When their eyes met again, he could feel his heart begin to hammer in his chest and suddenly he needed to be anywhere else in the world but here before her. He broke their gaze.

"Loki," She began but the words would remain where they were as there came another knock on the door.

"Come in," Loki sat up straighter in the chair and Grace sat back in the couch both of them aware that their actions were making them seem like they had been caught doing something wrong.

Kurt opened the door, "Loki, I vent down to der..." his gaze passed from Loki to Grace and back.

"Am I interrupting something?"

Loki and Grace both stood at once,

"No, not at all. We were talking." Loki gave Kurt a wide smile, Kurt noticing that Grace had turned her head to look at him, more appropriately, stare at him.

"Are you going down to der pumpkin carving? Der kinder have already started."

Loki nodded, put his hands out to usher them from his room and closed the door behind them.
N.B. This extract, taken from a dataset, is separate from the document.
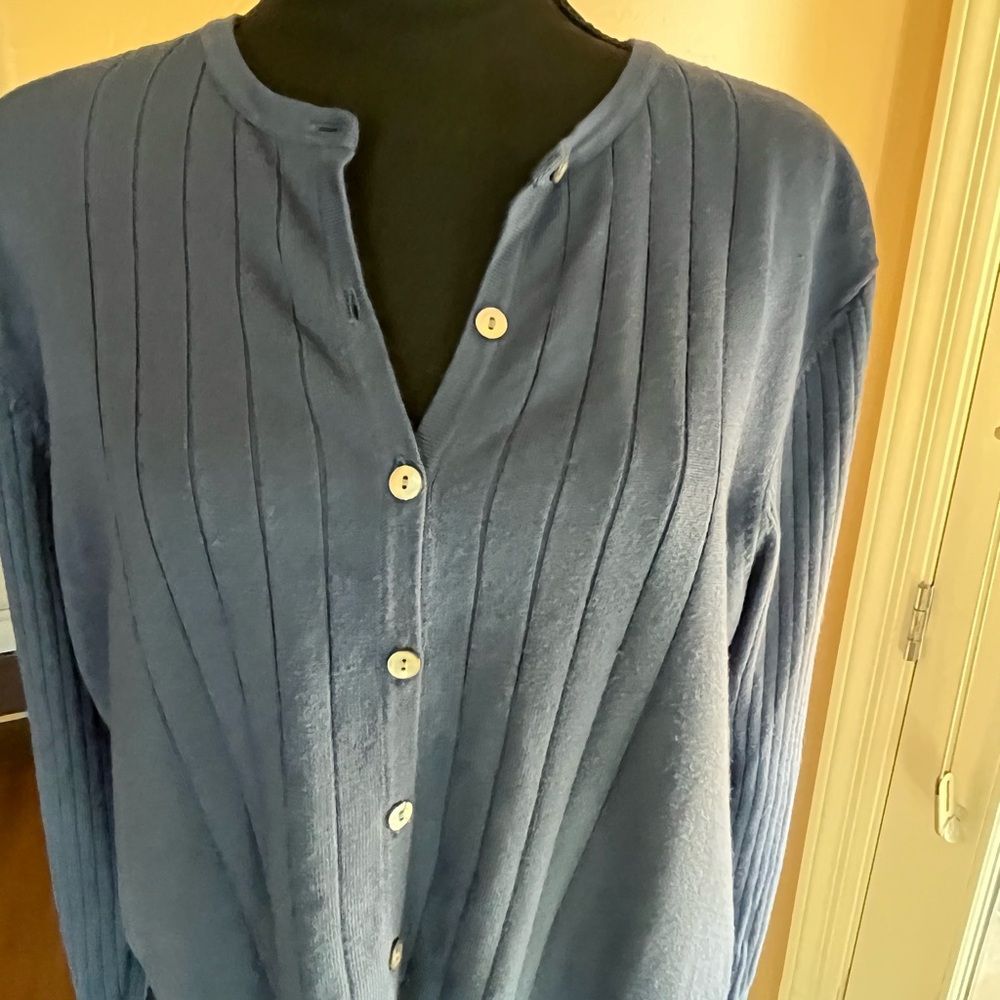 Karen Scott blue lightweight cardigan with buttons. XXL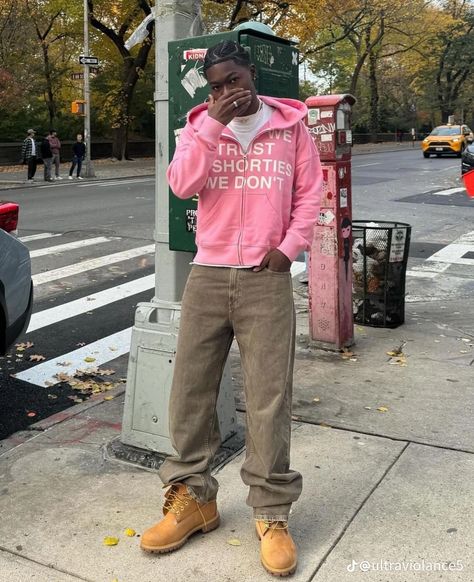 Timbs Outfit Men, Fall Outfits Men Streetwear, Timbs Outfit, Pink Hoodie Outfit, Timbs Outfits, Pink Shirt Outfit, Timberland (men), Outfits Men Streetwear, Timberland Boots Outfit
Outside the large garage, there were a number of Jack o' Lanterns already carved and lit. Kurt had observed Loki and Grace all the way down the hall and out the foyer, into the courtyard and around the circular drive where it forked off around the mansion. They had tried so hard to look casual that they were having the opposite effect, Kurt finally corralling Loki as they neared the crowd and Grace was taken up with the children.

"Vat did I valk in on?"

"A talk, Kurt. That is all."

Kurt saw that Grace had stopped what she was doing and was watching them.
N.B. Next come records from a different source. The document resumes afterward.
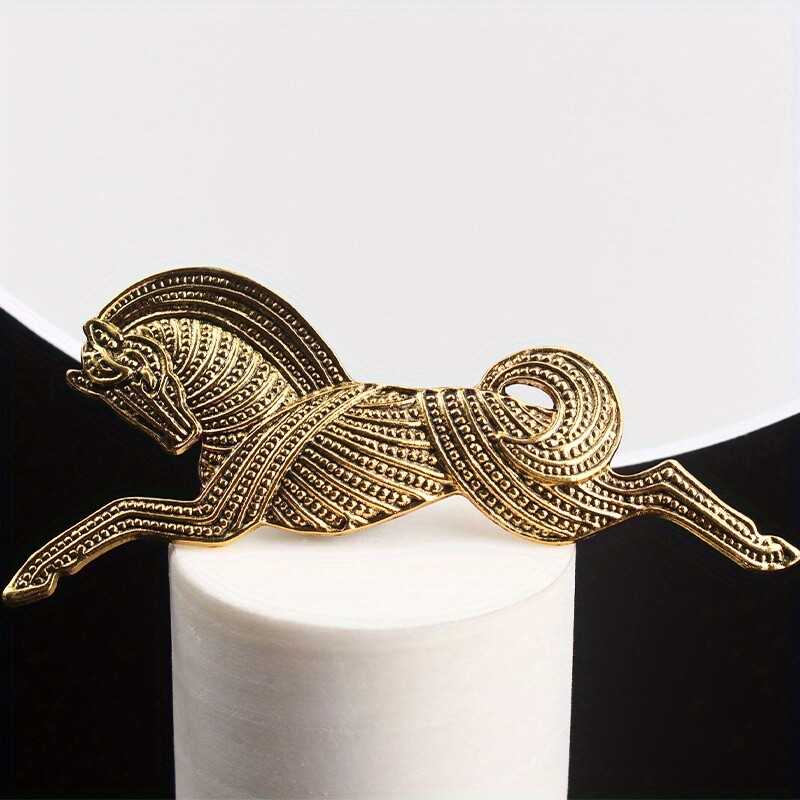 Personality Retro Simple Literary Gold Horse Brooch Women Men Jewelry Gift
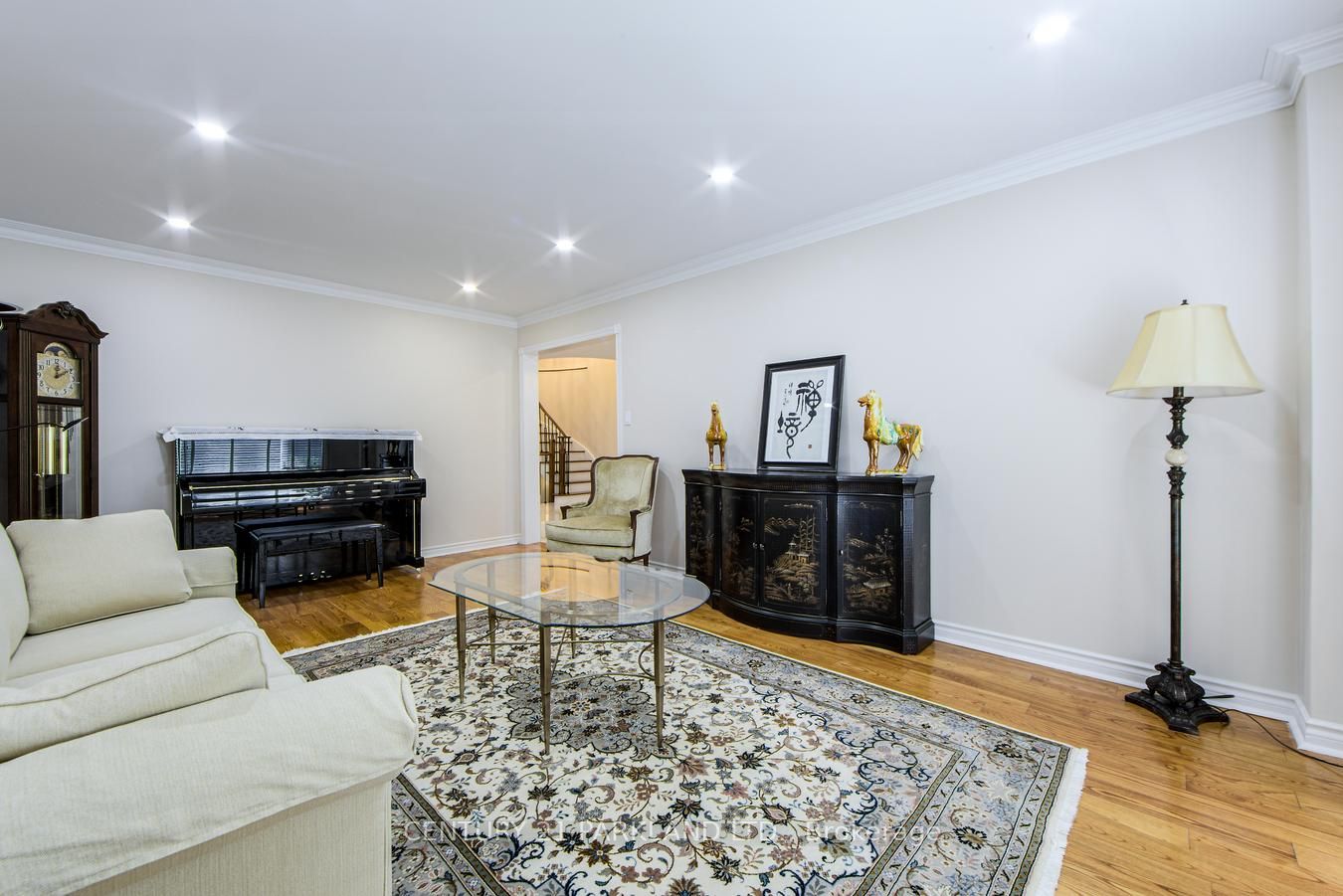 112 Strathearn Avenue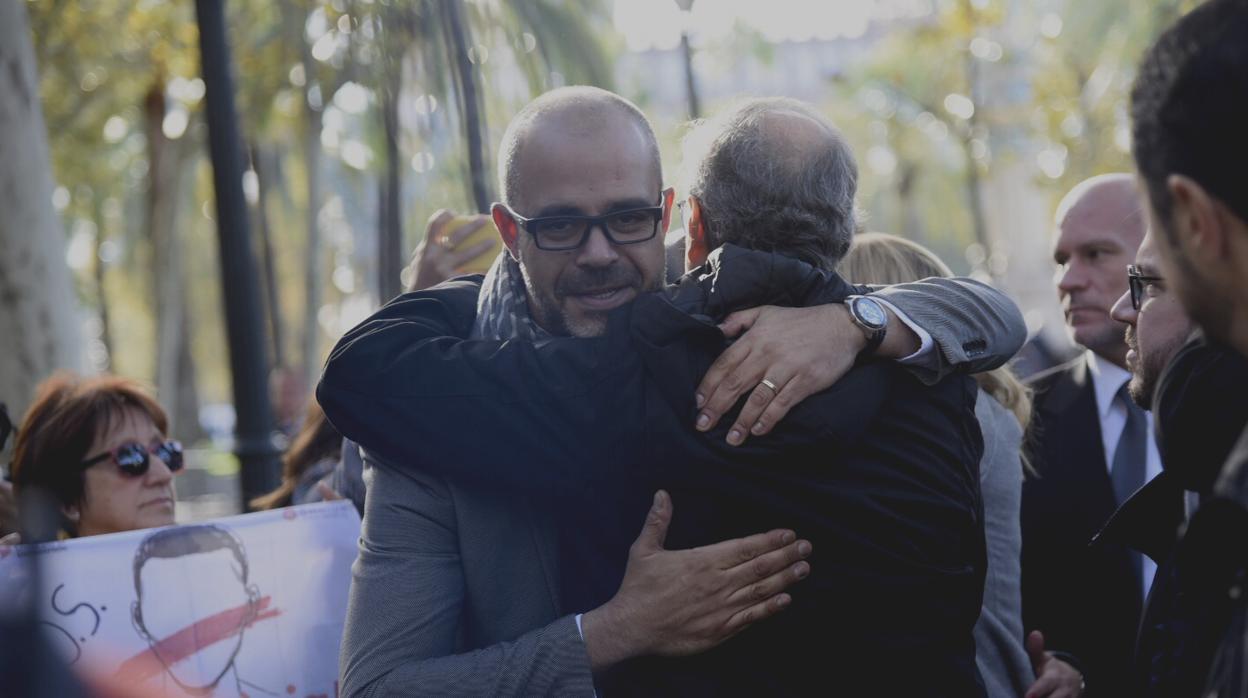 Miquel Buch y Quim Torra en las puertas del TSJC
"Ja, a talk but vat more?"

Loki started to walk again, "What does it matter?"

Kurt caught up with him, "Vat of Sarah?"

Loki stopped and turned on Kurt, "What has this to do with Sarah?" He could see Kurt's tail swishing back and forth like an angry cat.
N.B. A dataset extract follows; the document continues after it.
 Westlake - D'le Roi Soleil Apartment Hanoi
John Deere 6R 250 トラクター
"Maybe I should ask it another vay. Are you seeing Miss Archer?"

Loki's blank stare only served to frustrate Kurt, "Ach, courting, dating, sleeping vith? Does any of this make sense?"

He knew the words had struck a chord as Loki was visibly shaken. "Friends, Kurt, I have told you, we are...friends."

Kurt looked again to Grace who was still watching them. "Come, mein freund, let us talk no more of dis. Let us join der festivities."

Loki stood watching the children, teenagers all carving the pumpkins in their own designs, laughing, joking. He stayed far from the crowd, unsteady, trying to calm himself. Tonight he would meditate before bed. He'd been doing so as of late, to quell the torrent of emotions he'd been going through since his arrival and it had helped, but as he watched Grace among the children, smiling, laughing, casting the occasional glance his way and each time in doing so, causing his heart to race, he knew meditation would be forced tonight. Kurt had seen again what he had sought so hard to avoid. The encounter tonight had only served to deepen it, the fact that he'd been denying it serving only to make it worse. He was falling in love with Grace.